* RECORDS FOR THE EXERCISE
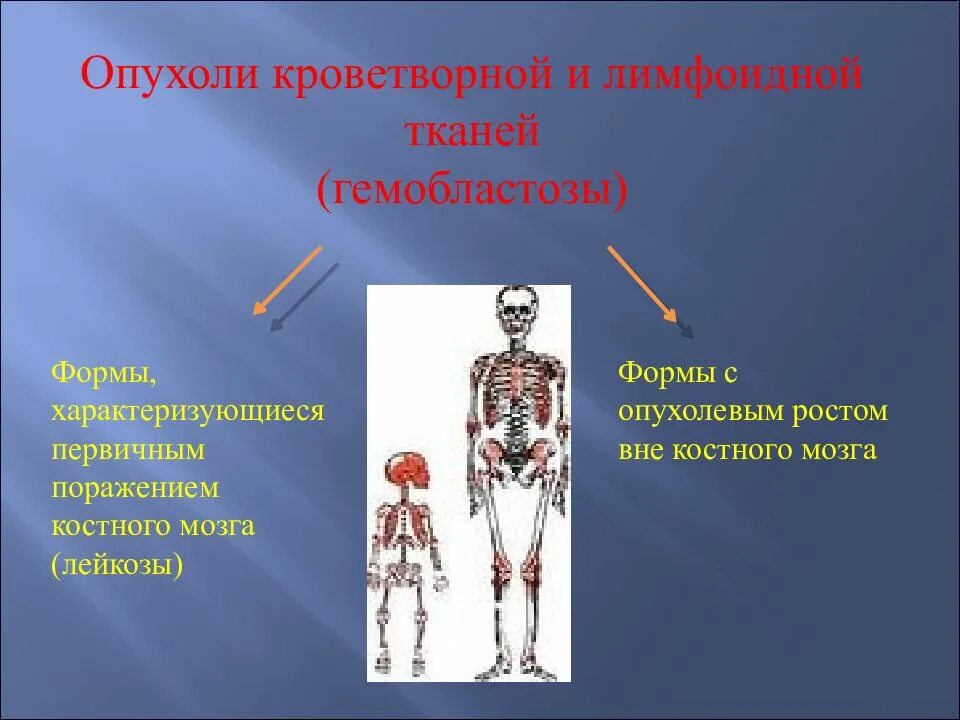 Селезёнка органы кроветворения и иммунной системы. Новообразование лимфоидной кроветворной ткани. Лимфоидной кроветворной и родственных им тканей. Злокачественная опухоль эпителиальной ткани. Лимфоидной кроветворной и родственных им тканей.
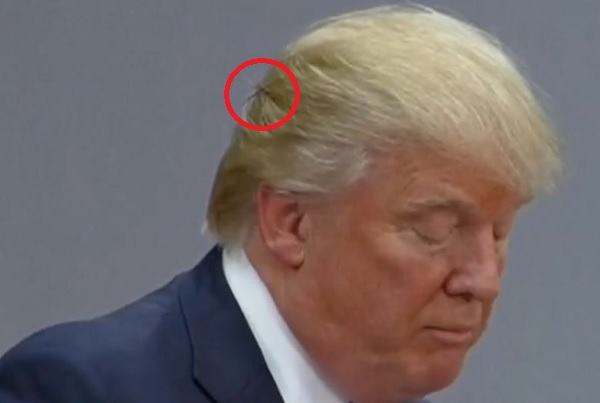 Donald Trump Had Visible Bobby Pins Holding His Hair Still at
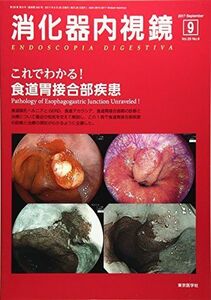 [A01710809]消化器内視鏡 Vol.29 No.9(201 これでわかる!食道胃接合部疾患 [単行本] 消化器内視鏡編集委員会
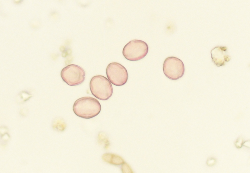 Pollini castagno al microscopio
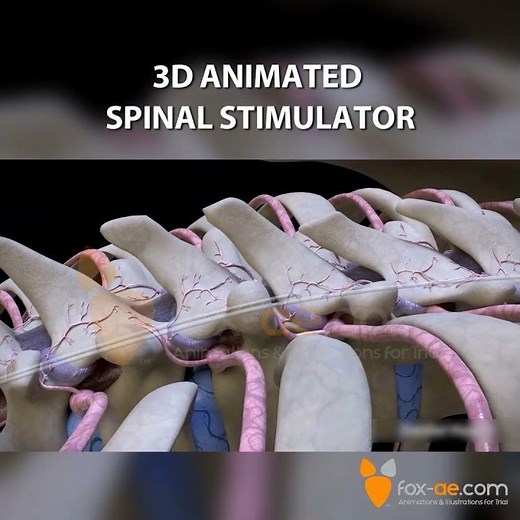 Spinal Cord Stimulator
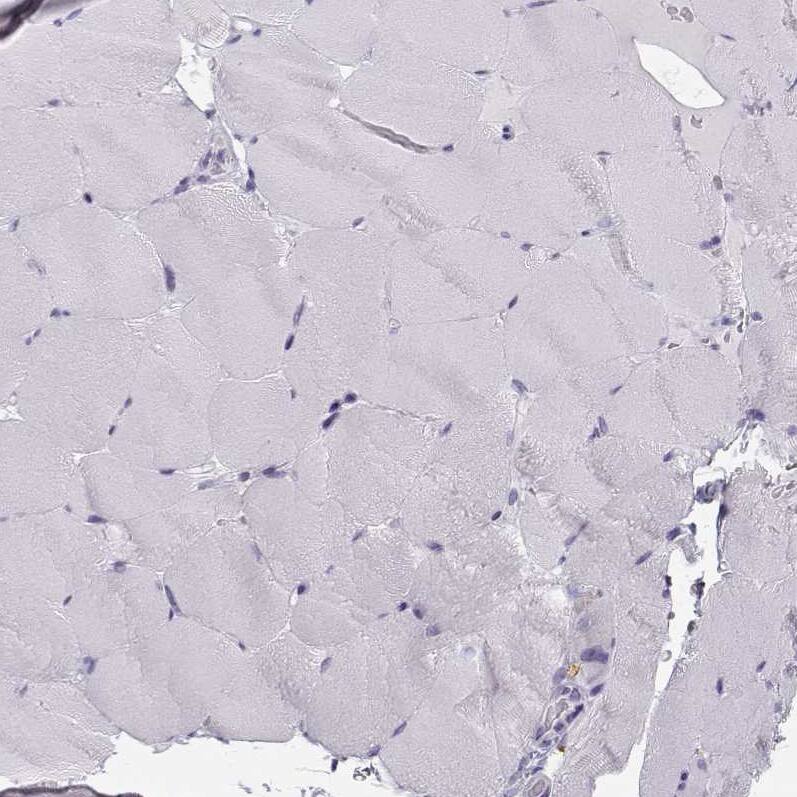 NUT Antibody - BSA Free Immunohistochemistry-Paraffin: NUT Antibody [NBP1-84176]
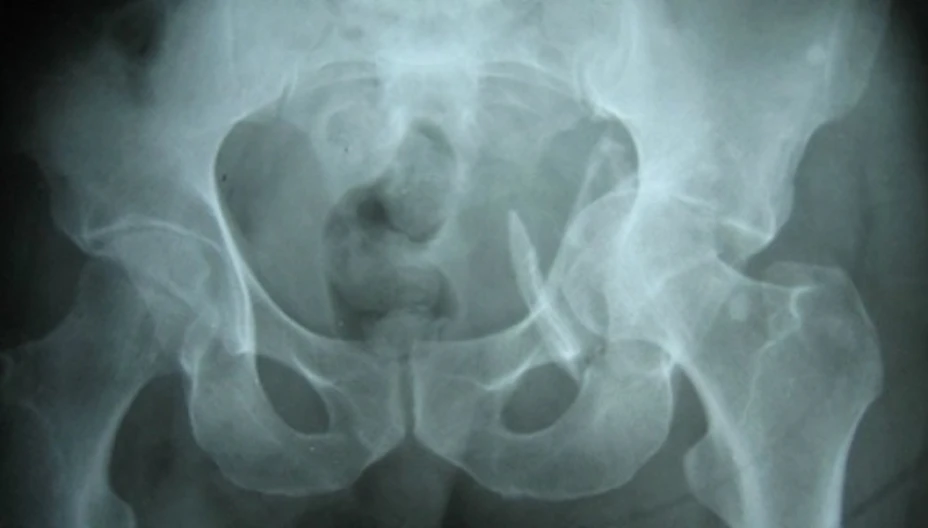 Osteoporosis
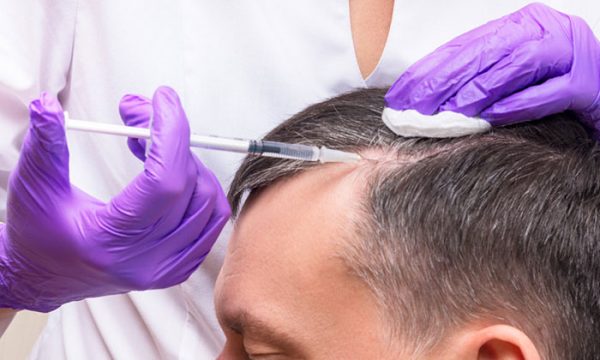 ابر البلازما بعد زراعة الشعر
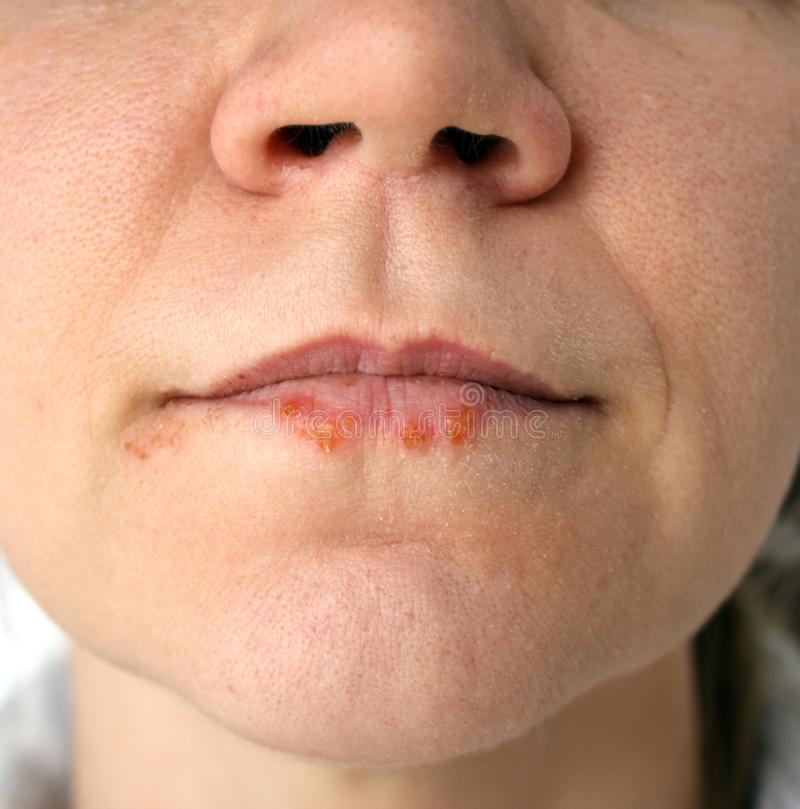 Cold Sores (herpes Labialis) Stock Photo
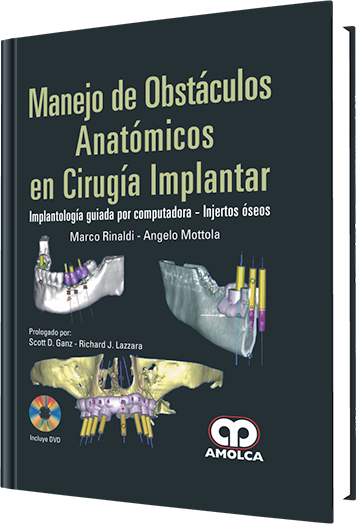 Manejo de Obstáculos Anatómicos en Cirugía Implantar
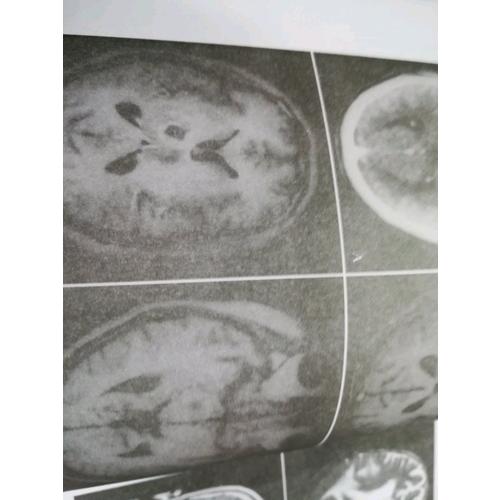 神经内科疾病影像诊断思维（第二版）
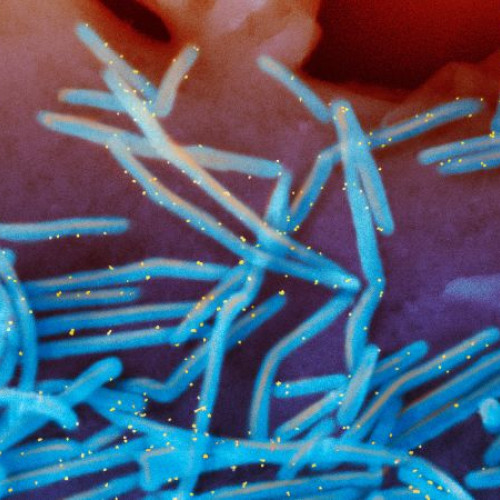 RSV continuă să se răspândească, determinând statele să extindă perioada de imunizare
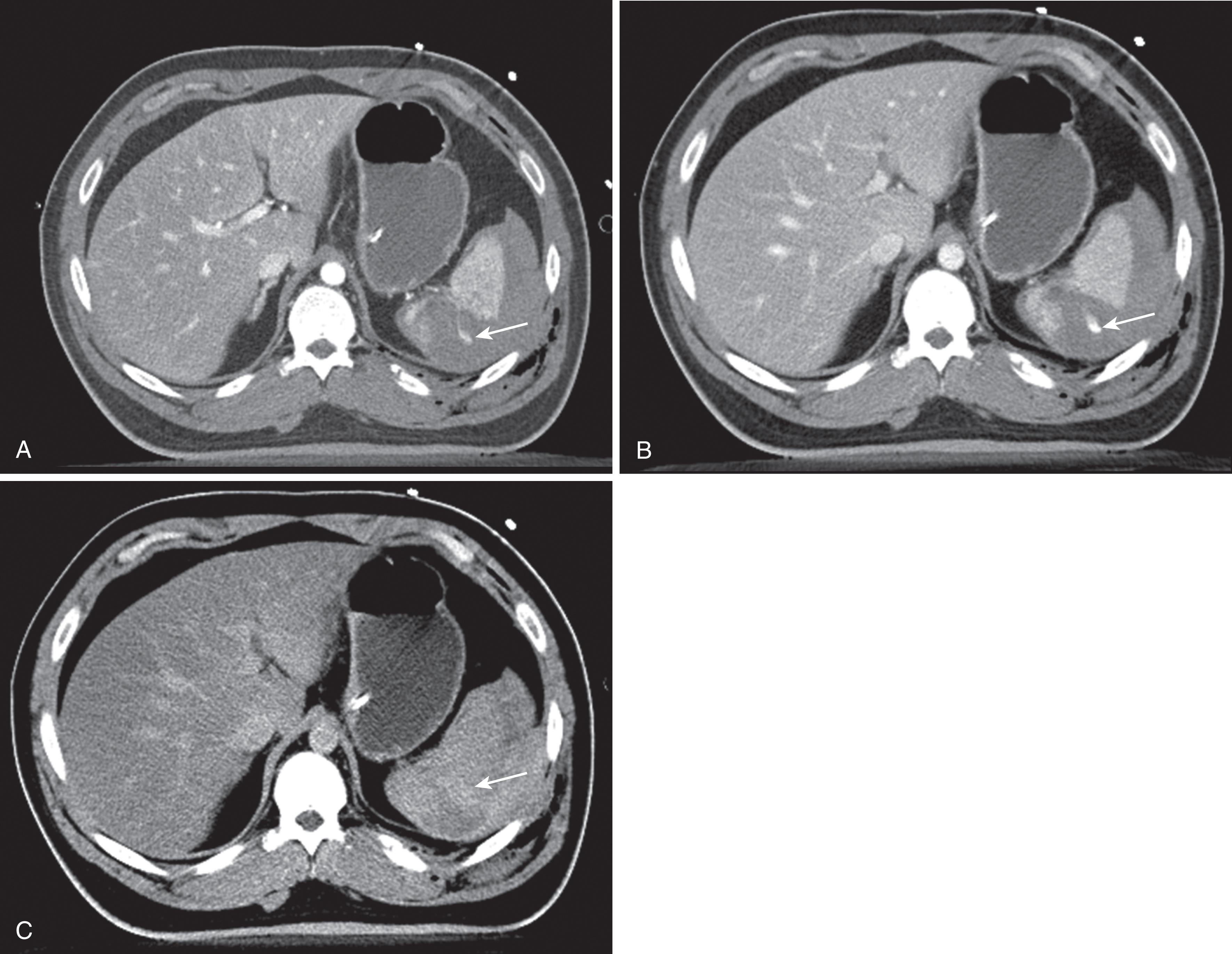 FIGURE 6, Active extravasation and computed tomography (CT) phases. Multiple axial CT images of the abdomen were obtained in this patient with trauma to the left abdomen in arterial (A), portal venous (B), and 5-minute delayed (C) phases. The aorta clues the reader to the phase as it is brightest in arterial, less bright in portal venous, and darkest in the delayed phases. A grade IV splenic laceration is seen in all images. A wisp of contrast material on the arterial phase (A) marked by the arrow shows what could be either extravasated contrast agent or something dense like a calcification. On the portal venous phase (B) it changes shape, indicating the finding is extravasating contrast agent. On the delay phase, the contrast agent is spread out in a blush and is denser than surrounding fluid but similar to vascular structures. This confirms active extravasation.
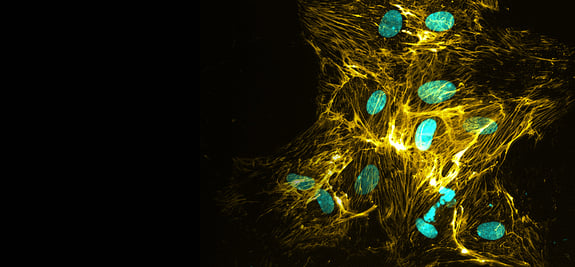 r2g-liver-fibrosis-banner-v3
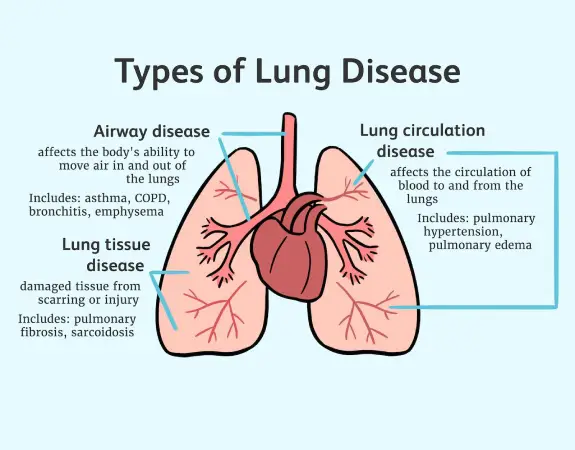 Lung Disease Treatment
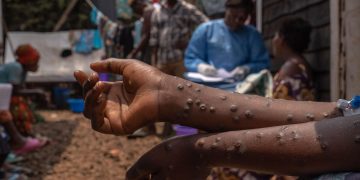 mpox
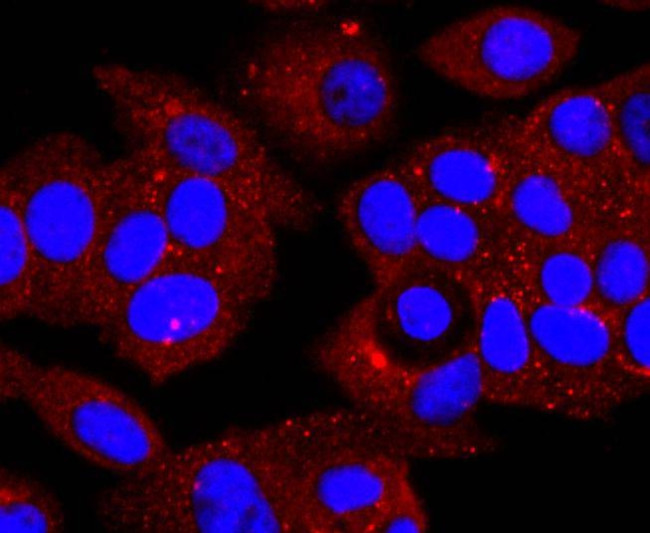 alpha-1 Antitrypsin Antibody in Immunocytochemistry (ICC/IF)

* TASK TO COMPLETE
Output a verbatim copy of the lines from the line containing "r2g-liver-fibrosis-banner-v3" through the end of the data, both included, without any images.

* ANSWER TO THIS PROBLEM
 r2g-liver-fibrosis-banner-v3
 Lung Disease Treatment
 mpox
 alpha-1 Antitrypsin Antibody in Immunocytochemistry (ICC/IF)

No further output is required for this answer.